Chris Stapleton Is the Toast of the 2015 CMA Awards

Every underdog has his day. On Wednesday night, the 2015 CMA Awards belonged not to the chart-topping bros and queen bees of country music, but to a handful of songwriters who’ve spent the past decade working behind the scenes. Lori McKenna, Liz Rose and Hillary Lindsay — the composers of Little Big Town’s “Girl Crush” — watched their controversial chart-topper win awards for both Song and Single of the Year, while Chris Stapleton, a songwriting vet with a mammoth, mountain-moving voice, took home three awards of his own.
“This is an unbelievable thing, and I’m not going to take it lightly,” he said during a humble, emotional acceptance speech for Male Vocalist of the Year, his final win in a night that also included trophies for New Artist and Album of the Year. Raw, ragged and written almost entirely by Stapleton, Traveller — his debut as a solo artist — is the antithesis of a slick, modern country-pop project, making its success at the CMA Awards as surprising as it is well-deserved.
A bit shy at the acceptance podium, Stapleton came alive during a pair of show-stealing duets with Memphis boy Justin Timberlake, starting with a harmony-heavy version of George Jones’ “Tennessee Whiskey” and peaking with an electric, elastic take on Timberlake’s “Drink You Away.” Despite voices that couldn’t be more different — Timberlake’s light and nimble; Stapleton’s heavy and hard-hitting — the two formed the best ad-hoc duo of the night, beating out oddball pairings like Thomas Rhett and Fall Out Boy while eliciting some of the best crowd reactions of the night. (Dig Keith Urban’s stank face during one of Timberlake’s acrobatic vocal runs.)
“Justin Timberlake and Chris Stapleton, thank you very much! I’m gonna go home and practice,” Miranda Lambert said after winning her sixth consecutive Female Vocalist of the Year title, coincidentally taking the stage in a Stapleton t-shirt. Meanwhile, Blake Shelton — who was also gunning for a sixth consecutive Vocalist win — came up empty handed, losing the award to the same guy whose name was splashed across his ex-wife’s chest.

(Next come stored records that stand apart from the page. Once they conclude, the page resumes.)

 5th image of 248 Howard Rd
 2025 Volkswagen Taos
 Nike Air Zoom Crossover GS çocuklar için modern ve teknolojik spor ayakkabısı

Although he didn’t take home any trophies, Eric Church celebrated the release of Mr. Misunderstood — an album that, until Tuesday afternoon, few people knew existed — by hitting the stage twice, first to jumpstart the show alongside Hank Williams, Jr., and later to premiere the title track of his newest record. On a night filled with ornate set designs and choreographed dance routines, Church kept things simple, rooting himself in front of the microphone for a purposely glitz-free performance. Also subscribing to the less-is-more mentality were the four members of Little Big Town, who — one year after driving up the CMAs’ electric bill with a neon-lit Ariana Grande collab — performed “Girl Crush” in a simple horizontal line, relying on the power of the song itself to pack a punch.
The evening’s most down-home performance occurred not on the main stage, but from a raised platform in the middle of the audience, where Maddie & Tae strummed their way through an abbreviated version of “Girl in a Country Song.” Driven forward by acoustic guitar and fiddle, the performance was worlds away from, say, the amplified bro-bombast of Jason Aldean’s “Gonna Know We Were Here,” whose delivery felt a bit cold despite the Metallica-sized blasts of pyro that lit up the stage. Kacey Musgraves’ “Dimestore Cowgirl” kept things old-school, too, thanks to a kitschy, beauty pageant-worthy backdrop and a vocal delivery that, unlike performances by some of the evening’s other country queens, was blissfully free of AutoTune.
Although his thunder was unintentionally stolen by Stapleton, who won his third award minutes before the 2015 Entertainer of the Year was announced, Luke Bryan took home the CMA’s biggest honor for the second year in a row. “Wrap? They’re telling me to wrap, but I ain’t wrapping,” said Bryan, who took time to thank his wife, touring band, creative team and supporters during a gracious acceptance speech. It was a moving finale, but the 2015 CMA Awards — easily the show’s most entertaining and unexpected telecast in a decade — left its mark not by celebrating the genre’s biggest money-makers, but by shining a light on the dark horses.